In the 1990s, Taiwan's music industry surpassed Hong Kong's to become the global engine of Chinese pop. But the last decade has seen a different trend: the mushrooming of Taiwanese independent music.
Next weekend Taiwan Calling 2011 - a two-day festival of 19 acts at the Kowloon Bay International Trade and Exhibition Centre - will showcase the variety of Taiwan's indie scene, from singers who have burst onto commercial radio, such as Sandee Chan and Waa Wei, to the island's best rock bands, including Sugar Plum Ferry and Macbeth. It will also try to deliver that rarest of rarities: an actual indie music festival in Hong Kong.
'There has never been an indie music event in Hong Kong on this scale,' says organiser Oliver Ching, a local musician and producer who's been living in Taipei and working in its music industry for the last three years. Last year he helped launch Black Market Music, a label which releases music by indie Taiwanese artists in Hong Kong.

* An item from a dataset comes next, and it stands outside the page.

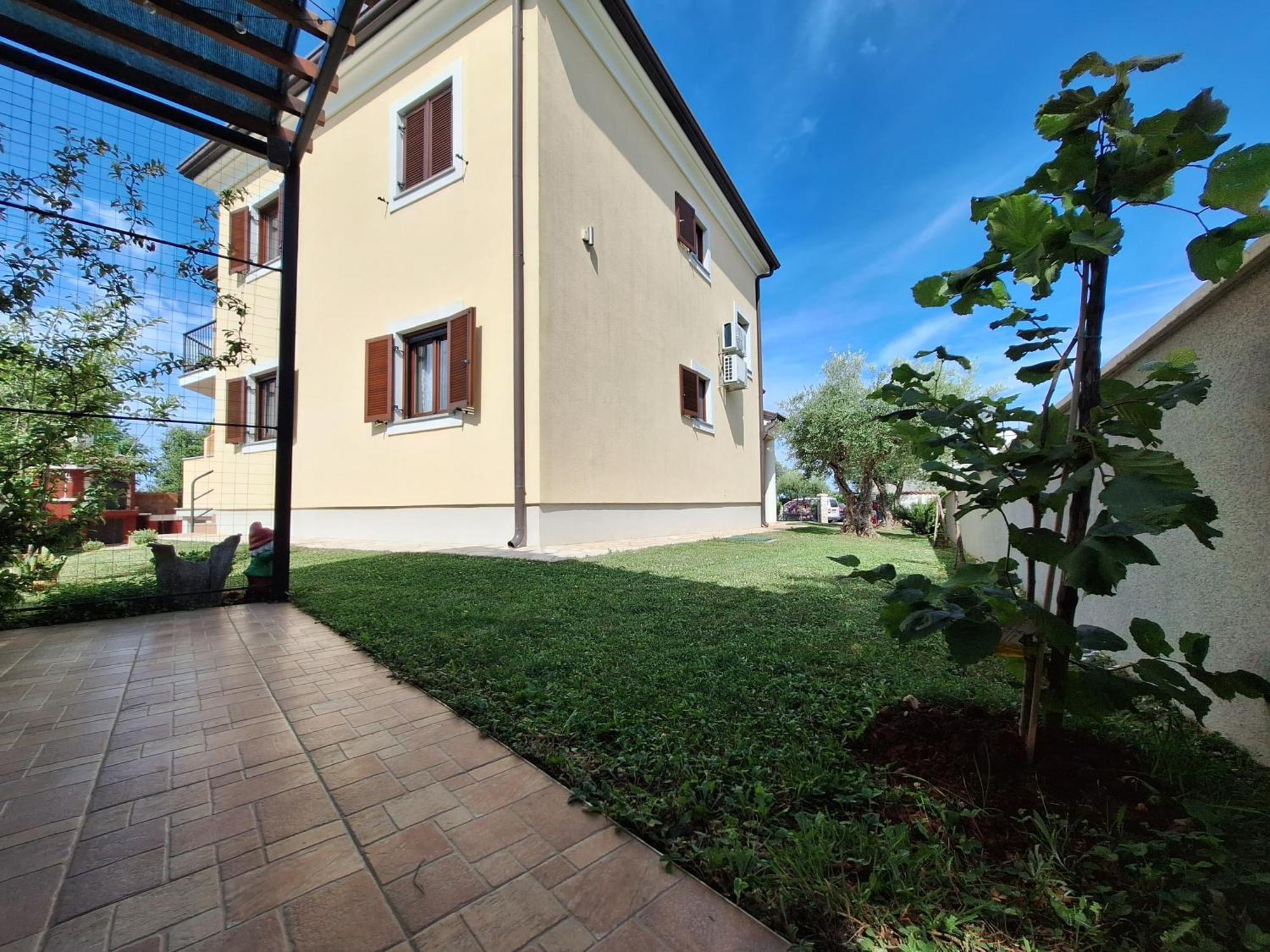 Apartmani Berber Babici Exteriör bild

For the concert he has teamed up with Taiwanese producer and session musician Wilikus Han and Chen Chien-chi, a Taiwanese singer and producer who has worked with Chan and Wei, as well as familiar names such as Karen Mok Man-wai and Faith Yang.
'Every year, lots of people from Hong Kong go to Taiwanese festivals like Spring Scream or Simple Life, and that's because there are no real music festivals here,' says Ching. 'When Hongkongers go to those Taiwan festivals, they're not necessarily even going for the music. What they want is to experience the atmosphere: lots of bands, people hanging out, vendor stalls and all of that. So we're going to try to do as much of that as possible, and also give people a full sense of Taiwanese indie music.'
Headliners such as Chan will be Taiwan Calling's biggest draw; the indie pop diva released a hit album, I Love You, John, in June and will drop another album through a collaborative project in autumn. But Ching is also banking on the depth of Taiwanese talent to give the festival real weight.